The task -> When you have read the listing, copy all of it without any change.
"""
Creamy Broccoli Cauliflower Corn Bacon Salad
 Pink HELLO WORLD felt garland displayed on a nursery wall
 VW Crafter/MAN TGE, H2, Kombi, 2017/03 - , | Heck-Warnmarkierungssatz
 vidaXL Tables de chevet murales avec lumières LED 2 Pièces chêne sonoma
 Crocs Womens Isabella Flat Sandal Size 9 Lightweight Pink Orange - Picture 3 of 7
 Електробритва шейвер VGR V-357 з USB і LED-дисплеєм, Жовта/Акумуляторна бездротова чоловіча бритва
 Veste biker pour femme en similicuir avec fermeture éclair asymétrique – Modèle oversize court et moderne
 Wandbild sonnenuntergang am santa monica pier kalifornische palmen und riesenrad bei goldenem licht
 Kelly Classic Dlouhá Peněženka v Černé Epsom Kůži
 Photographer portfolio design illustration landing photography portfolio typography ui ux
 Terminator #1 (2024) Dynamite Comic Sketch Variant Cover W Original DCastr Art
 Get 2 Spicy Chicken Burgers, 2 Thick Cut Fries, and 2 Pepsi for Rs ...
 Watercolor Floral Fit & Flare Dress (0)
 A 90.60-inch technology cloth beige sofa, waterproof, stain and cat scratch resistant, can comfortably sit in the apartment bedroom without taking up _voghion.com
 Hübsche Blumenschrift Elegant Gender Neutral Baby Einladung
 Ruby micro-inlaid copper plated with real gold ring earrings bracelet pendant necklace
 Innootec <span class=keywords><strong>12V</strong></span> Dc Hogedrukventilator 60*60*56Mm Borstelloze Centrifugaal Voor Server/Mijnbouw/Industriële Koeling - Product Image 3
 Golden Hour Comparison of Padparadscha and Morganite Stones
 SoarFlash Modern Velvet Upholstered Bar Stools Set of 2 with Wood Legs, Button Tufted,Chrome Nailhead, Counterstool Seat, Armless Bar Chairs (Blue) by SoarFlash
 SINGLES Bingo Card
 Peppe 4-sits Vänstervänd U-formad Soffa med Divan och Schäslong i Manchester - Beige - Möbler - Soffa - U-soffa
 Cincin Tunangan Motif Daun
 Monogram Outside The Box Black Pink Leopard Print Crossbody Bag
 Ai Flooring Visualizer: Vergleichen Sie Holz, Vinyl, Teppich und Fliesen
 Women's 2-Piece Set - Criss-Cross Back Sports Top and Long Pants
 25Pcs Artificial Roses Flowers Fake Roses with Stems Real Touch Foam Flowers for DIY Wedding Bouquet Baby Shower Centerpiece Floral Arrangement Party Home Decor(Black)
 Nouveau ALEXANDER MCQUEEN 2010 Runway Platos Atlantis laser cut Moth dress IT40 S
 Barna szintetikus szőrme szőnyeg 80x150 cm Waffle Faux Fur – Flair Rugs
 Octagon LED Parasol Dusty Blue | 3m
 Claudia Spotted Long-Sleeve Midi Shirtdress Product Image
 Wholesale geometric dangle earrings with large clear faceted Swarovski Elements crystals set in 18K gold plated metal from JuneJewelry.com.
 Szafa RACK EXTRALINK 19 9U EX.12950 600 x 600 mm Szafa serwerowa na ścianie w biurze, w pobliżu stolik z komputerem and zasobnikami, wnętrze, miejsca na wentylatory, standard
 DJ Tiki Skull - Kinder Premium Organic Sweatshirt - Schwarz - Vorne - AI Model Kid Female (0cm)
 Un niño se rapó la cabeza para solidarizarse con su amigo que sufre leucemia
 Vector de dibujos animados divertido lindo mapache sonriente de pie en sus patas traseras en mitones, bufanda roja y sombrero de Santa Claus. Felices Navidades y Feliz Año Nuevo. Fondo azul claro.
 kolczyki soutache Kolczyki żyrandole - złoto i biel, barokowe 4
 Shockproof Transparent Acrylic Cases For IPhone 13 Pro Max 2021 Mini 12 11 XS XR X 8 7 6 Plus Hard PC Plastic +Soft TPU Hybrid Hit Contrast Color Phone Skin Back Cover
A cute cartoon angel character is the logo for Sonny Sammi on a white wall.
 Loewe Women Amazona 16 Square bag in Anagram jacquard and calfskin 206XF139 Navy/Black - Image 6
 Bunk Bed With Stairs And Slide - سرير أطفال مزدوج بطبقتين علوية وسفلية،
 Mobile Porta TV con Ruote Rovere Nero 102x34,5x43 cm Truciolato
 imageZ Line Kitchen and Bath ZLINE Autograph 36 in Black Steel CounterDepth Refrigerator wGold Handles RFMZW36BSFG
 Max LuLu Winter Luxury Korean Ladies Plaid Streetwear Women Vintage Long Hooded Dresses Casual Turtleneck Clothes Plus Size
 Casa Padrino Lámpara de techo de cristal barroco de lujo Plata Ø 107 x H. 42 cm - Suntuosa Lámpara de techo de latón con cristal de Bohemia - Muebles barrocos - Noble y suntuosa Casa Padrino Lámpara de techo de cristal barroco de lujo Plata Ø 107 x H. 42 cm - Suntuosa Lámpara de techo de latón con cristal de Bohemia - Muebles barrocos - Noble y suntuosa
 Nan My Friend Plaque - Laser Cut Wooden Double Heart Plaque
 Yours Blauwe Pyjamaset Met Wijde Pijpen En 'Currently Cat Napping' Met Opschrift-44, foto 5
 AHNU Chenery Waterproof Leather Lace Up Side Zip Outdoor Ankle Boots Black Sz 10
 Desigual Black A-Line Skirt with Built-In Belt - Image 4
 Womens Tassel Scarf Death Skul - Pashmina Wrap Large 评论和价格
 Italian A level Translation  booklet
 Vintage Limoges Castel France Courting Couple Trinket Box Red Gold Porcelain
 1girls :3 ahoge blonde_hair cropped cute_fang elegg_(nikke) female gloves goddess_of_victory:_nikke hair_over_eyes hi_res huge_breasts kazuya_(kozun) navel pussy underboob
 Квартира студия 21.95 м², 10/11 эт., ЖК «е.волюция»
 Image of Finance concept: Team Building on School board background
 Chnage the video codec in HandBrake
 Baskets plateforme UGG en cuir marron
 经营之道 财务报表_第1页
"""
Answer below ->
Creamy Broccoli Cauliflower Corn Bacon Salad
 Pink HELLO WORLD felt garland displayed on a nursery wall
 VW Crafter/MAN TGE, H2, Kombi, 2017/03 - , | Heck-Warnmarkierungssatz
 vidaXL Tables de chevet murales avec lumières LED 2 Pièces chêne sonoma
 Crocs Womens Isabella Flat Sandal Size 9 Lightweight Pink Orange - Picture 3 of 7
 Електробритва шейвер VGR V-357 з USB і LED-дисплеєм, Жовта/Акумуляторна бездротова чоловіча бритва
 Veste biker pour femme en similicuir avec fermeture éclair asymétrique – Modèle oversize court et moderne
 Wandbild sonnenuntergang am santa monica pier kalifornische palmen und riesenrad bei goldenem licht
 Kelly Classic Dlouhá Peněženka v Černé Epsom Kůži
 Photographer portfolio design illustration landing photography portfolio typography ui ux
 Terminator #1 (2024) Dynamite Comic Sketch Variant Cover W Original DCastr Art
 Get 2 Spicy Chicken Burgers, 2 Thick Cut Fries, and 2 Pepsi for Rs ...
 Watercolor Floral Fit & Flare Dress (0)
 A 90.60-inch technology cloth beige sofa, waterproof, stain and cat scratch resistant, can comfortably sit in the apartment bedroom without taking up _voghion.com
 Hübsche Blumenschrift Elegant Gender Neutral Baby Einladung
 Ruby micro-inlaid copper plated with real gold ring earrings bracelet pendant necklace
 Innootec <span class=keywords><strong>12V</strong></span> Dc Hogedrukventilator 60*60*56Mm Borstelloze Centrifugaal Voor Server/Mijnbouw/Industriële Koeling - Product Image 3
 Golden Hour Comparison of Padparadscha and Morganite Stones
 SoarFlash Modern Velvet Upholstered Bar Stools Set of 2 with Wood Legs, Button Tufted,Chrome Nailhead, Counterstool Seat, Armless Bar Chairs (Blue) by SoarFlash
 SINGLES Bingo Card
 Peppe 4-sits Vänstervänd U-formad Soffa med Divan och Schäslong i Manchester - Beige - Möbler - Soffa - U-soffa
 Cincin Tunangan Motif Daun
 Monogram Outside The Box Black Pink Leopard Print Crossbody Bag
 Ai Flooring Visualizer: Vergleichen Sie Holz, Vinyl, Teppich und Fliesen
 Women's 2-Piece Set - Criss-Cross Back Sports Top and Long Pants
 25Pcs Artificial Roses Flowers Fake Roses with Stems Real Touch Foam Flowers for DIY Wedding Bouquet Baby Shower Centerpiece Floral Arrangement Party Home Decor(Black)
 Nouveau ALEXANDER MCQUEEN 2010 Runway Platos Atlantis laser cut Moth dress IT40 S
 Barna szintetikus szőrme szőnyeg 80x150 cm Waffle Faux Fur – Flair Rugs
 Octagon LED Parasol Dusty Blue | 3m
 Claudia Spotted Long-Sleeve Midi Shirtdress Product Image
 Wholesale geometric dangle earrings with large clear faceted Swarovski Elements crystals set in 18K gold plated metal from JuneJewelry.com.
 Szafa RACK EXTRALINK 19 9U EX.12950 600 x 600 mm Szafa serwerowa na ścianie w biurze, w pobliżu stolik z komputerem and zasobnikami, wnętrze, miejsca na wentylatory, standard
 DJ Tiki Skull - Kinder Premium Organic Sweatshirt - Schwarz - Vorne - AI Model Kid Female (0cm)
 Un niño se rapó la cabeza para solidarizarse con su amigo que sufre leucemia
 Vector de dibujos animados divertido lindo mapache sonriente de pie en sus patas traseras en mitones, bufanda roja y sombrero de Santa Claus. Felices Navidades y Feliz Año Nuevo. Fondo azul claro.
 kolczyki soutache Kolczyki żyrandole - złoto i biel, barokowe 4
 Shockproof Transparent Acrylic Cases For IPhone 13 Pro Max 2021 Mini 12 11 XS XR X 8 7 6 Plus Hard PC Plastic +Soft TPU Hybrid Hit Contrast Color Phone Skin Back Cover
A cute cartoon angel character is the logo for Sonny Sammi on a white wall.
 Loewe Women Amazona 16 Square bag in Anagram jacquard and calfskin 206XF139 Navy/Black - Image 6
 Bunk Bed With Stairs And Slide - سرير أطفال مزدوج بطبقتين علوية وسفلية،
 Mobile Porta TV con Ruote Rovere Nero 102x34,5x43 cm Truciolato
 imageZ Line Kitchen and Bath ZLINE Autograph 36 in Black Steel CounterDepth Refrigerator wGold Handles RFMZW36BSFG
 Max LuLu Winter Luxury Korean Ladies Plaid Streetwear Women Vintage Long Hooded Dresses Casual Turtleneck Clothes Plus Size
 Casa Padrino Lámpara de techo de cristal barroco de lujo Plata Ø 107 x H. 42 cm - Suntuosa Lámpara de techo de latón con cristal de Bohemia - Muebles barrocos - Noble y suntuosa Casa Padrino Lámpara de techo de cristal barroco de lujo Plata Ø 107 x H. 42 cm - Suntuosa Lámpara de techo de latón con cristal de Bohemia - Muebles barrocos - Noble y suntuosa
 Nan My Friend Plaque - Laser Cut Wooden Double Heart Plaque
 Yours Blauwe Pyjamaset Met Wijde Pijpen En 'Currently Cat Napping' Met Opschrift-44, foto 5
 AHNU Chenery Waterproof Leather Lace Up Side Zip Outdoor Ankle Boots Black Sz 10
 Desigual Black A-Line Skirt with Built-In Belt - Image 4
 Womens Tassel Scarf Death Skul - Pashmina Wrap Large 评论和价格
 Italian A level Translation  booklet
 Vintage Limoges Castel France Courting Couple Trinket Box Red Gold Porcelain
 1girls :3 ahoge blonde_hair cropped cute_fang elegg_(nikke) female gloves goddess_of_victory:_nikke hair_over_eyes hi_res huge_breasts kazuya_(kozun) navel pussy underboob
 Квартира студия 21.95 м², 10/11 эт., ЖК «е.волюция»
 Image of Finance concept: Team Building on School board background
 Chnage the video codec in HandBrake
 Baskets plateforme UGG en cuir marron
 经营之道 财务报表_第1页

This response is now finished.